Flavonoids are a class of water-soluble plant pigments found in fruits, vegetables, and certain beverages that have antioxidant effects. Antioxidants are compounds that protect cells against the damaging effects of reactive chemicals known as free radicals. Free radicals can cause oxidative stress, leading to cellular damage. There are different categories of flavonoids. Flavones, isoflavones and anthocyanidins are all types of flavonoids.

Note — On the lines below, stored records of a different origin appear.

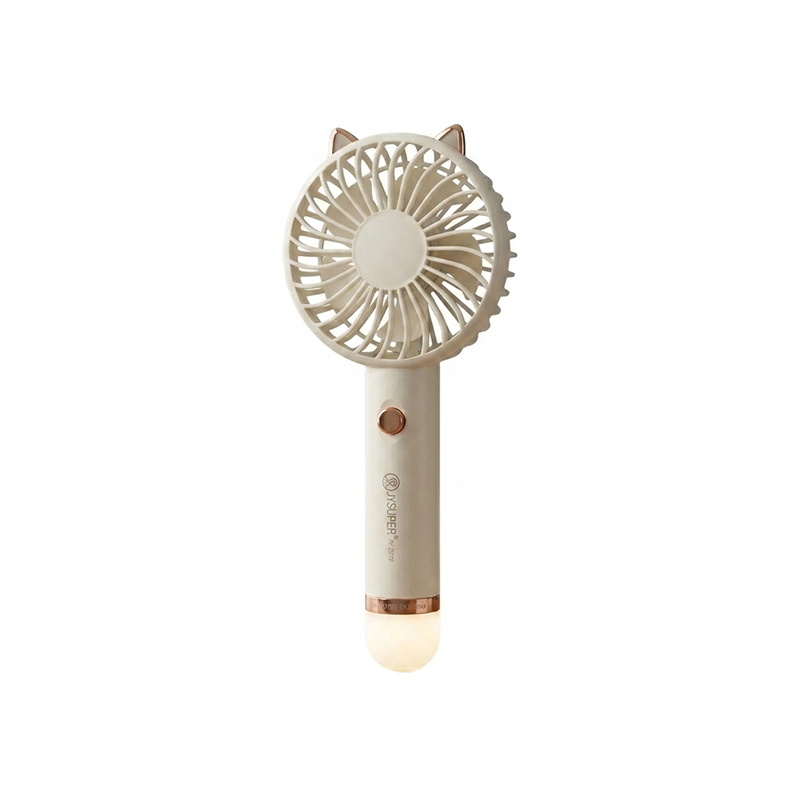 JYSUPER JY-2320 Portable Handheld Mini Fan with Integrated LED light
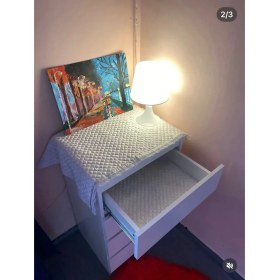 Resim Kaizen Carpet Beyaz 30 cm Derinlik x 10 mt Boy Silver Su Taşı Detaylı Lüks Saten Kapitone Raf Örtüsü / Çekmece Örtüsü / Dolap İçi Örtü / Vintage Sınırlı Üretim Özel Seri Saten Raf Örtüsü 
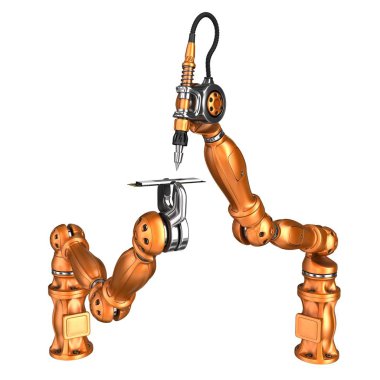 Endüstriyel robot manipülatörler.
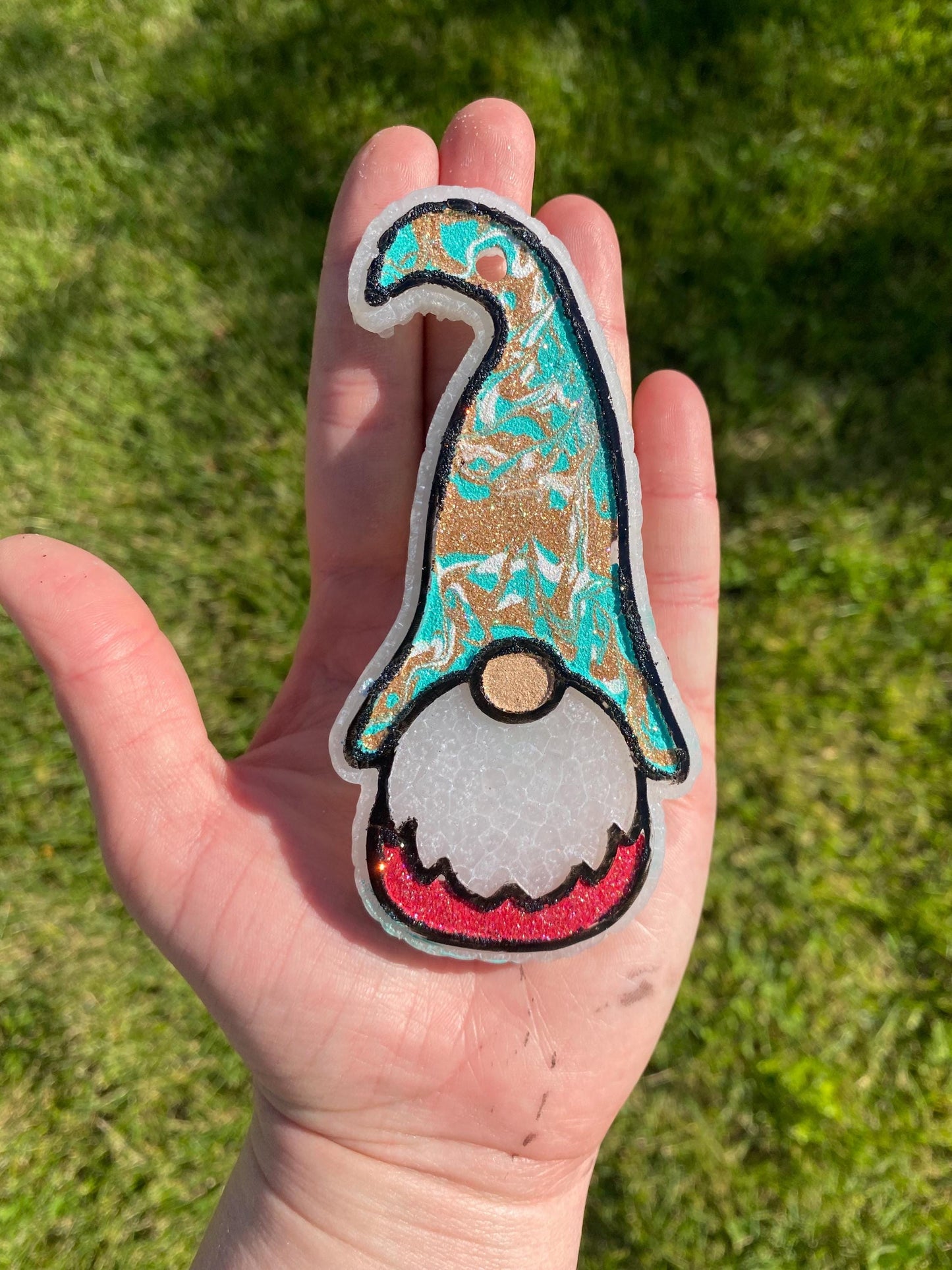 Gnome Freshie Mold, cute freshie molds, beginner freshie making supplies, popular freshie molds, easy to decorate freshie molds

Research appearing in Cancer Epidemiology, Biomarkers & Prevention (Nov 2007, Vol 16, # 11, pp 2285-2292) found that an increase in the intake of flavonoids can increase breast cancer survival. The researchers used a questionnaire to find out the dietary habits of over 1,200 women during the year before being diagnosed with breast cancer. They were monitored for over five years. During the course of the study 173 of the subjects died, 113 of them died from breast cancer

The researchers found a relationship between high intake of flavonoids and decreased mortality. A high intake of flavones was associated with a 37% reduction in mortality, including from breast cancer, over the course of the study. A high intake of isoflavones was associated with a 48% reduction in mortality. A high intake of anthocyanidins was associated with a 36% reduction in mortality.

This was, of course, a preliminary study that shows us the possibilities for flavonoids. More research is needed. In the words of the researchers, “Mortality may be reduced in association with high levels of dietary flavones and isoflavones among postmenopausal U.S. breast cancer patients. Larger studies are needed to confirm our findings.”